Mozilla released 10 patches for three versions of its Firefox browser on Tuesday, five of which are considered critical and could be used to remotely install malicious code.
The U.S. Computer Emergency Readiness Team warned that the problems "could allow a remote attacker to execute arbitrary code, bypass intended access restrictions, cause a denial-of-service condition or obtain sensitive information."
The Mozilla products affected are Firefox 25, Firefox ESR 24.1, Firefox Extended Support Release (ESR) 17.0.10, Thunderbird 24.1, Thunderbird ESR 17.0.10, and Seamonkey 2.22.
Among the flaws fixed were several memory safety bugs in the browser engine, which is also in Mozilla's Thunderbird email client and Seamonkey, a suite of applications and web development tools.

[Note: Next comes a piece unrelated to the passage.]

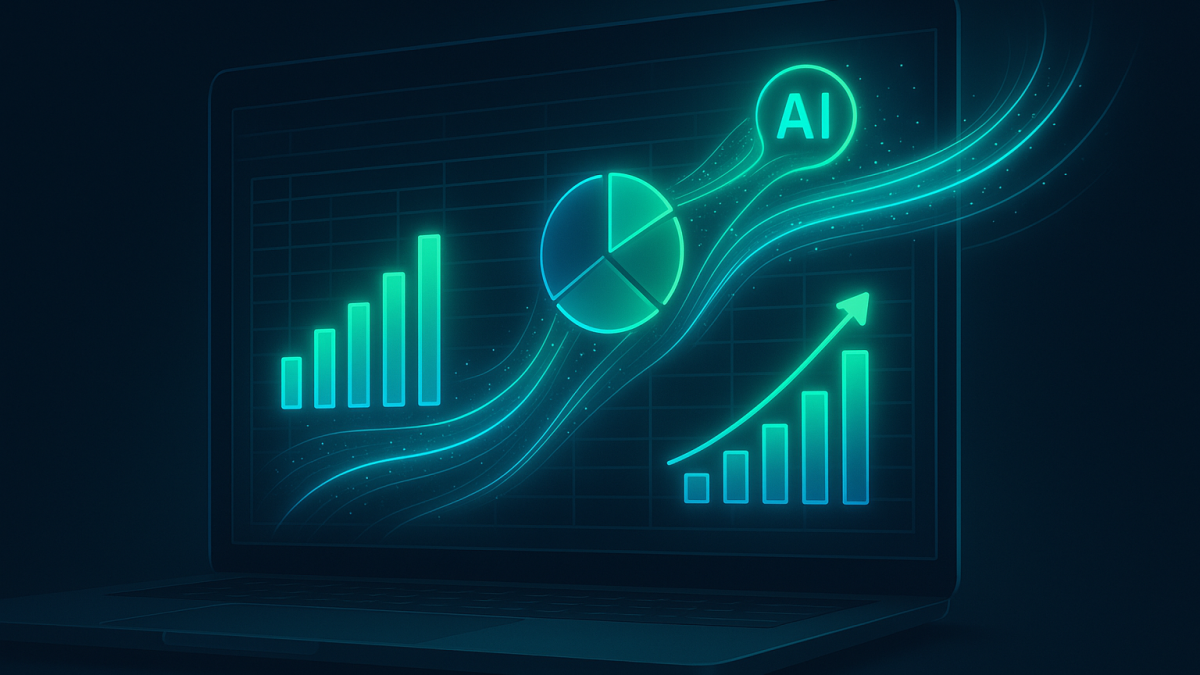 AI v Excelu a Office: Od vzorců k automatizaci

Those bugs, tagged as update MFSA 2013-93, "showed evidence of memory corruption under certain circumstances, and we presume that with enough effort at least some of these could be exploited to run arbitrary code," according to Mozilla's advisory.
The other four critical vulnerabilities could cause potentially exploitable crashes, Mozilla said.
One of the vulnerabilities given a "high" risk rating, MFSA 2013-99, could divulge information on a computer's local system. A security researcher, Cody Crews, discovered "a method to append an iframe into an embedded PDF object rendered with the chrome privileged PDF.js."
"This can used to bypass security restrictions to load local or chrome privileged files and objects within the embedded PDF object," Mozilla wrote.
In August, the TOR project warned that a vulnerability in Firefox ESR may have been used to collect information on computers visiting websites configured as TOR hidden services.
TOR, short for The Onion Router, is a system that allows for more anonymous browsing by routing encrypted requests for websites through servers worldwide. The TOR Project distributes a Browser Bundle, which includes Firefox for browsing with TOR.
The vulnerability could have facilitated the execution of remote code, but instead may have been used to collect the hostname and MAC address of Windows computers, it said. The TOR Project typically updates its browser bundle package quickly after Mozilla releases new patches.